Question

Find the intervals on which\(f\)is increasing or decreasing, and find the local maximum and minimum values of\(f\).

10. \(f\left( x \right) = {x^3} - 6{x^2} - 135x\)

Short answer

The function \(f\) changes from increasing to decreasing at \(x = - 5\) and from decreasing to increasing at \(x = 9\).

The local maximum value is \(f\left( { - 5} \right) = 400\) and the local minimum value is \(f\left( 9 \right) = - 972\).

Step-by-step solution

Write the formula increasing and decreasing test

If the function \(f'\left( x \right) > 0\) on an interval, then the function \(f\) is said to be increasing on that interval.

If the function \(f'\left( x \right) < 0\) on an interval, then the function \(f\) is said to be decreasing on that interval.

Step 2: Find the solution of the function

Consider the function \(f\left( x \right) = {x^3} - 6{x^2} - 135x\).

Differentiate the function w.r.t.\(x\).

\(\begin{array}{c}\frac{d}{{dx}}f\left( x \right) = \frac{d}{{dx}}\left( {{x^3} - 6{x^2} - 135x} \right)\\ = \frac{d}{{dx}}\left( {{x^3}} \right) - 6\frac{d}{{dx}}\left( {{x^2}} \right) - 135\frac{d}{{dx}}\left( x \right)\\ = 3{x^2} - 12x - 135\\ = 3\left( {{x^2} - 4x - 45} \right)\\ = 3\left( {x + 5} \right)\left( {x - 9} \right)\end{array}\)

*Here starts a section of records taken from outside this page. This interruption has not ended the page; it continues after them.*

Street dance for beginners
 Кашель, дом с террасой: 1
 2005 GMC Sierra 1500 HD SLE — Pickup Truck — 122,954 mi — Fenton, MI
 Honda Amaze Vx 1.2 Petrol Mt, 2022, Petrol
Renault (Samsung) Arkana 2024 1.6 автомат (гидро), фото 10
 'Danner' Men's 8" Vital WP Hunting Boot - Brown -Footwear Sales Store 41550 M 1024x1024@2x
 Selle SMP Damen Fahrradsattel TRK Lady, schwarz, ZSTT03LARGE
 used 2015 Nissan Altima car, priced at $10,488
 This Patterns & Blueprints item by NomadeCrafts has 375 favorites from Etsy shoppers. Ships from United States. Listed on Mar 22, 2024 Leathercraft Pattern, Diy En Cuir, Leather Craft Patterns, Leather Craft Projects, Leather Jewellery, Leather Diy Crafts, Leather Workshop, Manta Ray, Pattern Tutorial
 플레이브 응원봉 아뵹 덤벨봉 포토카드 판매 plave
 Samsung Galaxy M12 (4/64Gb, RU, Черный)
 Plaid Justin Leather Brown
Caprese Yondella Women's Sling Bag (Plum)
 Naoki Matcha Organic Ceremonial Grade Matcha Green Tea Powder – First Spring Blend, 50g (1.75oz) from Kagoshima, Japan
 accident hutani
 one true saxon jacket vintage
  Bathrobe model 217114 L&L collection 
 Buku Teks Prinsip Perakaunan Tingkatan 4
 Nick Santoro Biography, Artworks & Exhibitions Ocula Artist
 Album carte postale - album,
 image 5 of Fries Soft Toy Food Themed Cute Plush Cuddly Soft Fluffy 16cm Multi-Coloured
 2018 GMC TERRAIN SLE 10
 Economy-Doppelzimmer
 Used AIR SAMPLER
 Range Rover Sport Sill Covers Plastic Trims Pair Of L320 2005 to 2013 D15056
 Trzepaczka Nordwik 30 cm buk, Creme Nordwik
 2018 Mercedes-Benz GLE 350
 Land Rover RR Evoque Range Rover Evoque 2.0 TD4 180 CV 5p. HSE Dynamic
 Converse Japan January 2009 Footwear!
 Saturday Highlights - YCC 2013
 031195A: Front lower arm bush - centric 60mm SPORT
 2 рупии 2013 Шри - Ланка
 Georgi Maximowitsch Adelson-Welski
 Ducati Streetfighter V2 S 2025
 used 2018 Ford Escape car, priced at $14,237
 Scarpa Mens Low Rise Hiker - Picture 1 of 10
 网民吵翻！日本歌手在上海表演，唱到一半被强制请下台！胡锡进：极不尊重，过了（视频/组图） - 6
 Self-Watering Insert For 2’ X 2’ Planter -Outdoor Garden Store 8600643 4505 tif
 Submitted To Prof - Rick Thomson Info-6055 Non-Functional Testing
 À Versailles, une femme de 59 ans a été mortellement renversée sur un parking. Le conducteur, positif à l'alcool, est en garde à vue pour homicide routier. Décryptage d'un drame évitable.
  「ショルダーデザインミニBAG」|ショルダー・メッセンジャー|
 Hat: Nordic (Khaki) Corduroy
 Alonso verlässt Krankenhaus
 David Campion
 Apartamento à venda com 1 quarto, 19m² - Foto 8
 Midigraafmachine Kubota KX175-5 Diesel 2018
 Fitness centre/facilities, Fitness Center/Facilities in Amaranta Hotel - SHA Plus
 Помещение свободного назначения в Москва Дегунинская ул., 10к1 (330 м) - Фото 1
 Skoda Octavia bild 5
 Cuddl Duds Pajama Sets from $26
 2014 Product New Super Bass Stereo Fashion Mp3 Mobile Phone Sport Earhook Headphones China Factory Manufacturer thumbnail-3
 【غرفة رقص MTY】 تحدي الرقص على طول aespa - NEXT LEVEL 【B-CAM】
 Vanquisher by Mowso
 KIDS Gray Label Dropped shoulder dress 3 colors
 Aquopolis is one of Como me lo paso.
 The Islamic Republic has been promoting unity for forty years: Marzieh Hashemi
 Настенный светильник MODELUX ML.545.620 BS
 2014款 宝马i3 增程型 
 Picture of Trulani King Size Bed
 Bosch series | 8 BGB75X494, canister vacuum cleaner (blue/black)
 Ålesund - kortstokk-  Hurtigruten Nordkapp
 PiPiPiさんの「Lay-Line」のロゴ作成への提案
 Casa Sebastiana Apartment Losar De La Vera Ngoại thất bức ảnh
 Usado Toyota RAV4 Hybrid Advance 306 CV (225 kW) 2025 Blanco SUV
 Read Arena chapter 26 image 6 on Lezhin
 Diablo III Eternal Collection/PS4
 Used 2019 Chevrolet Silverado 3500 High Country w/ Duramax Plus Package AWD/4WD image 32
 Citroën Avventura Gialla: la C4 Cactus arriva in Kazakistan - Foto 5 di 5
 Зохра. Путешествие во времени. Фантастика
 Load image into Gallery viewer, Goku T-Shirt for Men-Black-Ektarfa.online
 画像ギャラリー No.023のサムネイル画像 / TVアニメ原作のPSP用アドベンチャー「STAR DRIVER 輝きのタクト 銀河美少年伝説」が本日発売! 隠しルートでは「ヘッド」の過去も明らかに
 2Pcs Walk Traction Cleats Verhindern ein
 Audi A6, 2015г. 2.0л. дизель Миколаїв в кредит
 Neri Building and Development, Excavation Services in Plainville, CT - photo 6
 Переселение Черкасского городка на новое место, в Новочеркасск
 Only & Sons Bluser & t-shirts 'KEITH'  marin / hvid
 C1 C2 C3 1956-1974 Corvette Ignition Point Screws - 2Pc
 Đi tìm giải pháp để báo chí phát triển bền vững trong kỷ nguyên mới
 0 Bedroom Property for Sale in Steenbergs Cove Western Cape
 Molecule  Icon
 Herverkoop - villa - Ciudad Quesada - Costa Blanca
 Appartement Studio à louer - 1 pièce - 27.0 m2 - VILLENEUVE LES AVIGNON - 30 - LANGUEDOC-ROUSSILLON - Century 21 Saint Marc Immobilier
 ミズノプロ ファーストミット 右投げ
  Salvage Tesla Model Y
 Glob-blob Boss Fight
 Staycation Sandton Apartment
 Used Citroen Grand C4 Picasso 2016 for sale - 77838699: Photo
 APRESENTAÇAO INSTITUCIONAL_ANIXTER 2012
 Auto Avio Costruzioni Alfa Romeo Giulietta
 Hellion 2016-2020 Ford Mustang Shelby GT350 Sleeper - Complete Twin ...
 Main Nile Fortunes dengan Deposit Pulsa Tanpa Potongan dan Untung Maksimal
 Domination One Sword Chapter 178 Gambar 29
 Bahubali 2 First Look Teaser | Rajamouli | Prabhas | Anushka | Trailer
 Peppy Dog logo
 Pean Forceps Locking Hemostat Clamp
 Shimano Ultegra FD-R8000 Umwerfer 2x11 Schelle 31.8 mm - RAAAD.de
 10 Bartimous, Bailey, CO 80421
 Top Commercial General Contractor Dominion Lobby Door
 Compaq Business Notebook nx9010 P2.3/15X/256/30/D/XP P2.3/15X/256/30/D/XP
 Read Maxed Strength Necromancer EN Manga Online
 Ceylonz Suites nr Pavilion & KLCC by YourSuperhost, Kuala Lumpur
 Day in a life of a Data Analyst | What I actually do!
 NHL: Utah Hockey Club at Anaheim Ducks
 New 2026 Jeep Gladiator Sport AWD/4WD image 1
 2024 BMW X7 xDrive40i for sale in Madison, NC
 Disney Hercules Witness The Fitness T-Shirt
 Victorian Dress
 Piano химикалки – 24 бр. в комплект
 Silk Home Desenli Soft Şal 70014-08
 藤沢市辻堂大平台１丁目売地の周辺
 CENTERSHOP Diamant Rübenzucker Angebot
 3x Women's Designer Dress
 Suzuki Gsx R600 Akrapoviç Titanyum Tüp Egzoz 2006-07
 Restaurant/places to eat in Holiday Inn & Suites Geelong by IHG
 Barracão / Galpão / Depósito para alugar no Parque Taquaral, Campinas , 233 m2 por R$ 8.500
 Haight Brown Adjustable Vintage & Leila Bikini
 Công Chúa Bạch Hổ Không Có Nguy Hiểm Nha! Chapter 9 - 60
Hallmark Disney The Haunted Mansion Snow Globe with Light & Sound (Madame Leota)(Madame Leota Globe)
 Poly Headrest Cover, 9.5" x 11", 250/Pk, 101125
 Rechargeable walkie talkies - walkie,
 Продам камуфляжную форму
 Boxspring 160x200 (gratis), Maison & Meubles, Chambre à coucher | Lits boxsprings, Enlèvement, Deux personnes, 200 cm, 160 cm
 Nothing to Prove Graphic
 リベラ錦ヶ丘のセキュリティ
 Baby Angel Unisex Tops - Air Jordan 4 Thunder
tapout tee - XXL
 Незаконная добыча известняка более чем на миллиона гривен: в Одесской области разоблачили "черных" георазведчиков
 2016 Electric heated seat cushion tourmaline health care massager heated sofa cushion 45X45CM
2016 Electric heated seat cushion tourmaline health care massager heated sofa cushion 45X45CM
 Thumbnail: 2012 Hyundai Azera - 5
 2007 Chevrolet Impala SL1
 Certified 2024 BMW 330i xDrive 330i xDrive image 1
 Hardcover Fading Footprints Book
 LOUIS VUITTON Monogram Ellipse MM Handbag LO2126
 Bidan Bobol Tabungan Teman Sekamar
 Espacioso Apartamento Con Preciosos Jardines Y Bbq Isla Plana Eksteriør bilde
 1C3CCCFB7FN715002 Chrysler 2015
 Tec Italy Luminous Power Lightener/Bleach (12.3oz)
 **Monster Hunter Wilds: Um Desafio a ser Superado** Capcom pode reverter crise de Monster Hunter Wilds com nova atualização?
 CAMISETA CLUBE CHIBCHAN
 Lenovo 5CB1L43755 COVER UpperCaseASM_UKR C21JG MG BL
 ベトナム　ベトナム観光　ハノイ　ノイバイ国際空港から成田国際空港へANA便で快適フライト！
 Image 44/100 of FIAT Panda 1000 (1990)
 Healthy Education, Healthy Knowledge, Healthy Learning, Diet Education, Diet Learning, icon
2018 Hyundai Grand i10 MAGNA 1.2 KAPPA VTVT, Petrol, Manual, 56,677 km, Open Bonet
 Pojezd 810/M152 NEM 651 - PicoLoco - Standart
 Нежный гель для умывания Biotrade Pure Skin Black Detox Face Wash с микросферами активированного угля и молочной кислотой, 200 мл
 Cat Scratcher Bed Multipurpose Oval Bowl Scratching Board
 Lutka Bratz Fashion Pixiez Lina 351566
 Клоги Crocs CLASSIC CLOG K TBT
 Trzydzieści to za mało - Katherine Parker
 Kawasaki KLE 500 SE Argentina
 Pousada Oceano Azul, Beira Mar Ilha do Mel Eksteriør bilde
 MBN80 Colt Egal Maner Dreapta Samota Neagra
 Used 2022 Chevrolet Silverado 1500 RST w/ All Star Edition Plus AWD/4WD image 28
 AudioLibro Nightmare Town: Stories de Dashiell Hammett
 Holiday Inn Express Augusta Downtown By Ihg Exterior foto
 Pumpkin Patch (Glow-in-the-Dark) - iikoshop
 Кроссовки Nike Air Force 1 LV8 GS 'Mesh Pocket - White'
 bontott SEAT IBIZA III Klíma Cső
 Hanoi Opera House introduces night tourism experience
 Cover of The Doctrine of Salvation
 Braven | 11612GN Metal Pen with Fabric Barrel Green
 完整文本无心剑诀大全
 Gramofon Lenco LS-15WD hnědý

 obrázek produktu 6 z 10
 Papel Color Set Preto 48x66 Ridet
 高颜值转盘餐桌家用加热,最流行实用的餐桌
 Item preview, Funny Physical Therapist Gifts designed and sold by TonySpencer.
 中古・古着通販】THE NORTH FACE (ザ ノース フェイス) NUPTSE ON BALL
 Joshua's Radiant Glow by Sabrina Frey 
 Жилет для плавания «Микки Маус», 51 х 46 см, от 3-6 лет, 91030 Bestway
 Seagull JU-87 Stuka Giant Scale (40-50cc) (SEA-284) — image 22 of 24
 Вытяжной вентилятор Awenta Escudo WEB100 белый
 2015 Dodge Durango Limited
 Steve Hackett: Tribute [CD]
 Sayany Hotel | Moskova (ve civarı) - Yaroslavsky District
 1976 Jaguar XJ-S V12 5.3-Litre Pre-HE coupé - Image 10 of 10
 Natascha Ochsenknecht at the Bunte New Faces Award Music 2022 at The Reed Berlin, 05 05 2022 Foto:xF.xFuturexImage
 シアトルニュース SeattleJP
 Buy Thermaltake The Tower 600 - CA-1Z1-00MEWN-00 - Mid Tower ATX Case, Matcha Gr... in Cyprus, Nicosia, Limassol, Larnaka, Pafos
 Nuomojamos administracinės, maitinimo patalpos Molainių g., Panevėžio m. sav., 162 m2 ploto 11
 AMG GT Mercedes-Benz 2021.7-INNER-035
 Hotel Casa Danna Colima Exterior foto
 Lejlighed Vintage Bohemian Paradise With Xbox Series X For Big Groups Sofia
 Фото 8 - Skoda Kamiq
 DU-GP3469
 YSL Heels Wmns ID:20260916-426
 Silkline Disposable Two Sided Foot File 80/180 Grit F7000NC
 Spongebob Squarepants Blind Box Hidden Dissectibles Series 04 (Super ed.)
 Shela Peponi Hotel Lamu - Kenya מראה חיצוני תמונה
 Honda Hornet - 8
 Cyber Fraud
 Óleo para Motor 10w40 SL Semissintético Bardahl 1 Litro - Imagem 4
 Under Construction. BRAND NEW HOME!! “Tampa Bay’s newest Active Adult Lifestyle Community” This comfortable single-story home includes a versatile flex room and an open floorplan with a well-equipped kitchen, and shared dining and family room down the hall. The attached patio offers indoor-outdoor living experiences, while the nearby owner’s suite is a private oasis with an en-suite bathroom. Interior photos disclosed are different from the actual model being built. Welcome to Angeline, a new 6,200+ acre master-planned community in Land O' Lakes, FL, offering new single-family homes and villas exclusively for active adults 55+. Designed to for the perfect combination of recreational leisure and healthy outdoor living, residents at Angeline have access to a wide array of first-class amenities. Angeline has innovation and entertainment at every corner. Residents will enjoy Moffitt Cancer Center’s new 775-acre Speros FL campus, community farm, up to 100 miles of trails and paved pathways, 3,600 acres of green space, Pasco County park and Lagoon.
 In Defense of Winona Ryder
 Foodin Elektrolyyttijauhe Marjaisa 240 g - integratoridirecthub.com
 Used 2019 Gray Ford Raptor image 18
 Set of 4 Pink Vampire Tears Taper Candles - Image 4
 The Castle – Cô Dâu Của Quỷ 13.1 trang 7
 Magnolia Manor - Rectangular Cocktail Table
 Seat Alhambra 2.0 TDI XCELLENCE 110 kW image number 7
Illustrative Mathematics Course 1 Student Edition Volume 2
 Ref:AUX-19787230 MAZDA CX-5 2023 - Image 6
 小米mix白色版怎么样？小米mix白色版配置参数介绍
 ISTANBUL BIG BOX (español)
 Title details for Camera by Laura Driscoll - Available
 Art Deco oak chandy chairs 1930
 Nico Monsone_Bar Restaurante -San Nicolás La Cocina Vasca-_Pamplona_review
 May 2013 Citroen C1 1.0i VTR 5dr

Since \(f'\left( x \right) = 0\) then find the solutions of the functions.

\(\begin{array}{c}3\left( {x + 5} \right)\left( {x - 9} \right) = 0\\x = - 5,\;9\end{array}\)

Step 3: construct the table to check whether the function is decreasing or increasing

Now construct the table as shown below:

Interval	\(x + 5\)	\(x - 9\)	\(f'\left( x \right)\)	\(f\)
\(x < - 5\)	\( - \)	\( - \)	\( + \)	Increasing on \(\left( { - \infty , - 5} \right)\)
\( - 5 < x < 9\)	\( + \)	\( - \)	\( - \)	decreasing on \(\left( { - 5,9} \right)\)
\(x > 9\)	\( + \)	\( + \)	\( + \)	decreasing on \(\left( {9,\infty } \right)\)

On observing the table \(f\) changes from increasing to decreasing at \(x = - 5\) and from decreasing to increasing at \(x = 9\) .

Step 4: Find local maxima and minima

Put\(x = - 5\)and \(x = 9\) into \(f\left( x \right) = {x^3} - 6{x^2} - 135x\).

\(\begin{array}{c}f\left( { - 5} \right) = {\left( { - 5} \right)^3} - 6{\left( { - 5} \right)^2} - 135\left( { - 5} \right)\\ = - 125 - 150 + 675\\ = 400\end{array}\)

And

\(\begin{array}{c}f\left( 9 \right) = {\left( 9 \right)^3} - 6{\left( 9 \right)^2} - 135\left( 9 \right)\\ = 729 - 486 - 1215\\ = - 972\end{array}\)

Thus, the local maximum value is \(f\left( { - 5} \right) = 400\) and the local minimum value is \(f\left( 9 \right) = - 972\).